The Siege of Skipton Castle

In December 1642, royalist Skipton Castle (its flag can just been seen above, among the trees) was attacked by Parliamentary troops. The register of neighbouring Holy Trinity Church records the first defender’s death as 23rd of that month. In August 1645, Major General Sydenham Poyntz had captured the church and the castle’s outworks and began a siege of the castle. This was soon called off as he was needed at Newark. Later that year, the first civil war was all but over but the castle still held out for the King. On 20th November, 2,000 parliamentary foot and 2,000 horse arrived to finish the job. On 21st December, Sir John Mallory, its governor and MP for Ripon, surrendered it to Colonel Richard Thornton.

Skipton Castle was well defended and had a secret well near the present gift shop from which fresh drinking water could be obtained. It was well garrisoned with its men previously mounting raids against Keighley, plundering the parliamentarians there. So why did it fall so quickly?  High up on Park Hill, to the castle’s North West, parliamentary artillery was placed.
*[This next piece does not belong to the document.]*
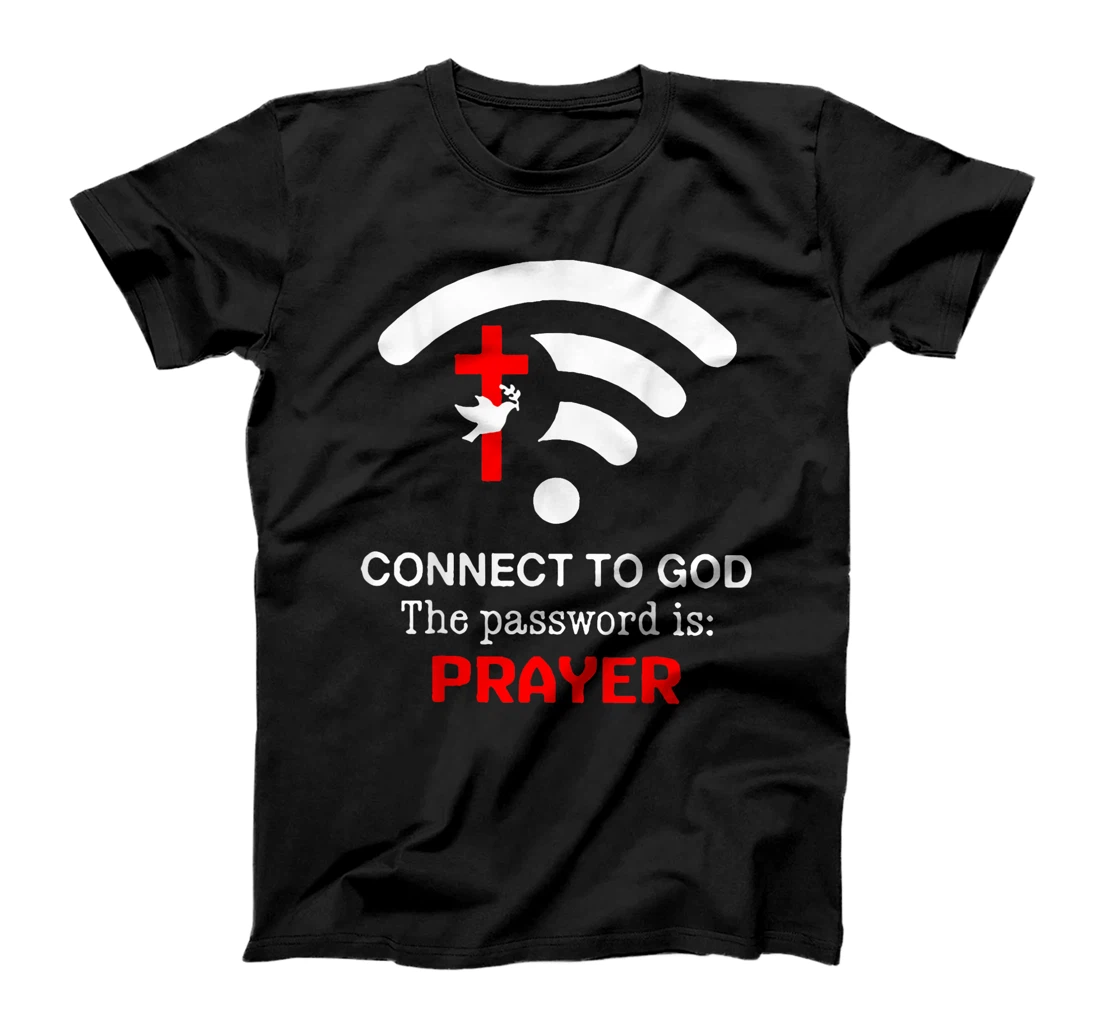 Connect To God The Password Is Prayer T-Shirt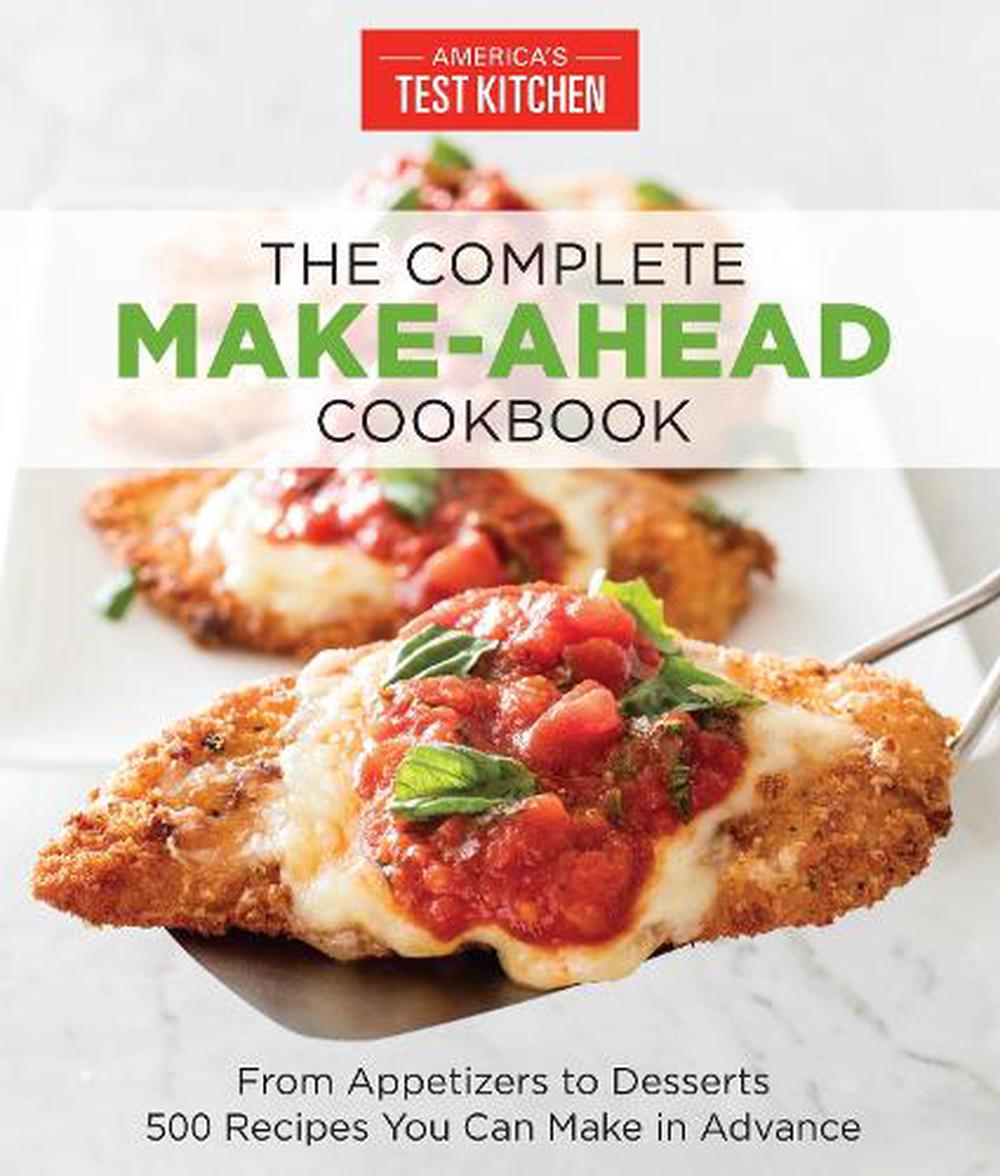 The Complete Make Ahead Cookbook By America S Test Kitchen Paperback 9781940352886 Buy Online At Moby The Great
They rained down their cannonballs on the defenders. Local tradition says that sheep fleeces were hung over the battlements to cushion the artillery’s blows, but this ultimately failed.

Earthworks can still be seen atop the hill

Firing from higher ground made the attacker less vincible to counter attack; furthermore, their own projectiles were aided by gravity as they descended on targets with greater force. Thus Skipton’s castle took a real battering and there was little they could do about it.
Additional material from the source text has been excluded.